There is also a popular superstition those specific holidays, that people should not bathe and if not the magical forces will embrace around them.
On the other hand for the girls, there is a ritual of washing with dew. Have gathered at dawn dew on plants, inviolate places on a white cloth, and then squeezed into a new pot. Old ladies in charge of it, then they bring the dew in the village, not to mention the road and avoiding meeting someone. With this dew will wash the girls who want to marry quickly, but also married women who want to be loved by their husbands and have beautiful and healthy children.
A superstition which still refers to love, says that lovers are together dip in the river or at sea will be lovers for life.
In Transylvania they say that, on Sânziene day, old treasures can be searched buried in the ground, because the night before, above the place where are hidden would light a fire.
Sânziene Festival is considered to be the best time in the middle of summer, to gather medicine plants and the spell also. Thus, on the night of Sânziene, women go to pick flowers and herbs that will be used against diseases and other evils.

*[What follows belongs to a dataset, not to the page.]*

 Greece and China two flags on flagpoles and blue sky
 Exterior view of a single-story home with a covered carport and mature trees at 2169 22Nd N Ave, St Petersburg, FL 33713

The initial significance of the custom compares the maidens to ripening wheat. Thus, a transfer of fertility between the two kingdoms, animal and vegetal, is achieved. Sickles that will pull down the plants symbolize the mowing of human lives, as well as the eternal duel between winter and summer, between the good and the evil forces. Sânzienele are bad pixies of the night in Romanian folk tradition. People think these pixies could influence future marriages. Every 24 June, in the Sânziene’s night, unmarried girls cut petals of a thistle flower. Then they keep that flower in a glass of water. They say that the faster petals grow back at the thistle she looks after, the bigger her chances are to marry the man she loves.Legends say that “Sânzienele”, some very beautiful girls who live in the woods or fields, are caught in dance and given magical powers plants. These fairies are good, if they are properly celebrated, bring fruitful harvests, help the girls to find the “chosen” one, give healthy babies to the married women, and heal the sick animals. But if people do not celebrate them properly, they become angry and evil fairies also known as Fairies or Pentecost.

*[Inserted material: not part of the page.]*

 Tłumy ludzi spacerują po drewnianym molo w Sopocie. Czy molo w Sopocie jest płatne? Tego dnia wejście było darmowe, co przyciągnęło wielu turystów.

Fairies are described as virgins with magical powers of seduction. It is believed they live in the air, in forests or in caves, on the banks of water or crossroads and occur mainly at night by moonlight, spinning in dance, in retreats, dancing naked, with disheveled hair and bells feet, in some ways. The place is still danced like fire and grass is burned and no longer grows anymore. It is believed that on Sânziene Night, Fairies gather and dance in the forest and who will see them will become mute and crazy.
Practices related to crowning, boys lighting torches, cakes called “torch of Sânziene” entitle the ethnologists and folklorists to consider this festival as one dedicated to the cult of the Sun.